Ownership interests in a business organization, particularly one that is unincorporated, can be formally or informally bifurcated into governance rights and economic (or financial) rights. Governance rights consist of the owner’s right to vote on, consent to, or otherwise make decisions about the organization’s activities, and the right to receive information about the organization. Economic rights consist of the owner’s entitlement to receive monetary distributions from the organization, whether from its profits or from an eventual dissolution and winding up. A complete ownership interest typically comprises both governance rights and economic rights. A good example of purely economic rights is a transferable interest in an LLC or limited partnership. See, e.g., Uniform Limited Liability Company Act (ULLCA) § 102(24) (2013).

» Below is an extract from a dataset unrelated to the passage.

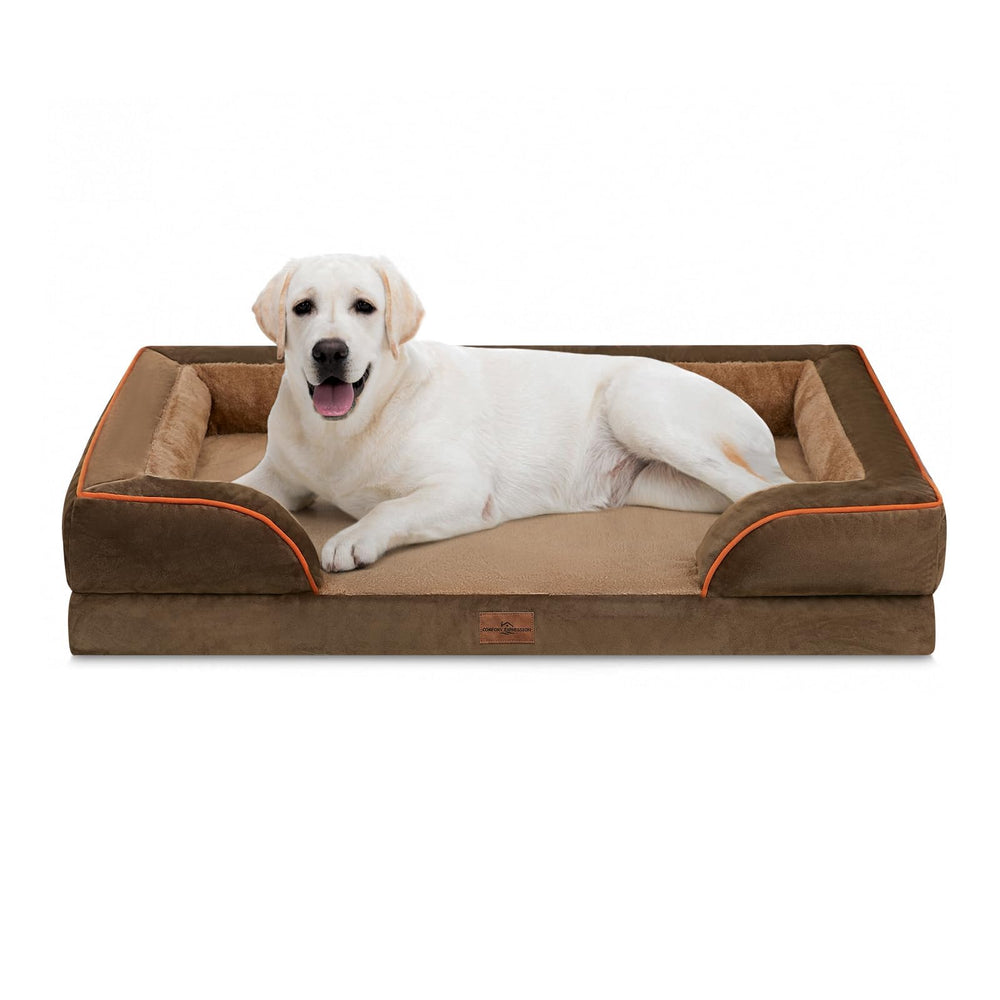 Comfort Expression: espuma huevo 28D ofrece soporte cómodo para perros XXL.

Article 9 broadly covers ordinary security interests in both of the above aspects of ownership rights as well as in virtually all other personal property, plus the outright sales of some types of personal property, to be explained below. In light of this vast coverage, and in order to provide appropriately tailored rules for particular patterns of transaction, Article 9 subdivides personal property into an array of statutorily defined “types,” or classifications. The most important classification for purposes of this article is general intangibles, which is Article 9’s residual or catch-all classification, meaning that it includes any personal property that does not fall within the other Article 9 classifications. Hence, an asset is a general intangible only if it is not, for example, inventory or other goods, accounts, instruments, chattel paper, or securities or other investment property. See UCC § 9-102(a)(42). Examples of general intangibles range from trademarks to taxicab medallions, and centrally for purposes of this article, the category includes most LLC and partnership interests. (LLC or partnership interests may alternatively be classified as securities, using an opt-in process discussed in Part II.C.)

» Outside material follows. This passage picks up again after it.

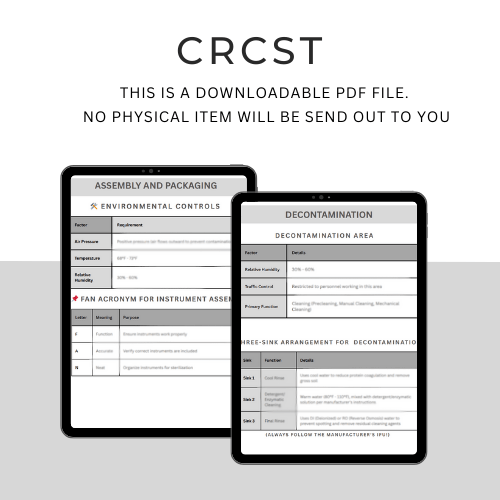 CRCST Full Review Exam Study Guide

The other key type of property for purposes of this article is payment intangibles, which is a subset of general intangibles. The distinction between a general intangible that is also a payment intangible on one hand, and a general intangible that is not a payment intangible on the other, is that the former includes only general intangibles under which the “principal obligation” of the “account debtor” is “a monetary obligation.” § 9-102(a)(62). In this article, the important term “account debtor” may be understood simply as the entity that is obligated on a payment intangible or other general intangible, i.e., the LLC or partnership itself as opposed to its members or partners. To determine whether the “principal obligation” is “monetary,” one must weigh the relative importance of a member’s or partner’s governance and economic rights: if the LLC’s or partnership’s principal obligation in respect of the ownership interest is economic and thus “monetary,” then the ownership interest is a general intangible that is also a payment intangible (or simply “payment intangible” for short). Otherwise, the ownership interest is a general intangible that is not a payment intangible. In general, if a member or partner has governance rights that the LLC or partnership is obligated to respect, the ownership interest is likely a general intangible that is not a payment intangible.

This distinction between payment intangibles and other general intangibles affects Article 9’s scope, which is crucial to understanding the overrides because of course the overrides apply only within that scope. Article 9’s scope includes two principal types of transactions relevant to this article: interests in either payment intangibles or other general intangibles that secure a loan or another obligation (referred to in this article as ordinary security interests), and outright sales of payment intangibles. In fact, outright sales of payment intangibles are statutorily defined in Article 9 as “security interests,” purely as a matter of terminological convenience, because many (though not all) of Article 9’s rules for ordinary security interests also apply directly to sales of payment intangibles. By contrast, Article 9’s scope does not include outright sales of general intangibles that are not payment intangibles, because most of such sales have little enough in common with ordinary security interests that inclusion would not be sensible. (The boundary between an outright sale of property and an ordinary security interest in the property is not always self-evident, but that topic is beyond the scope of this article. See, e.g., § 9-109 cmt. 4.) One final note on Article 9’s scope is that transfers by gift or, generally, transfers by operation of law are not covered.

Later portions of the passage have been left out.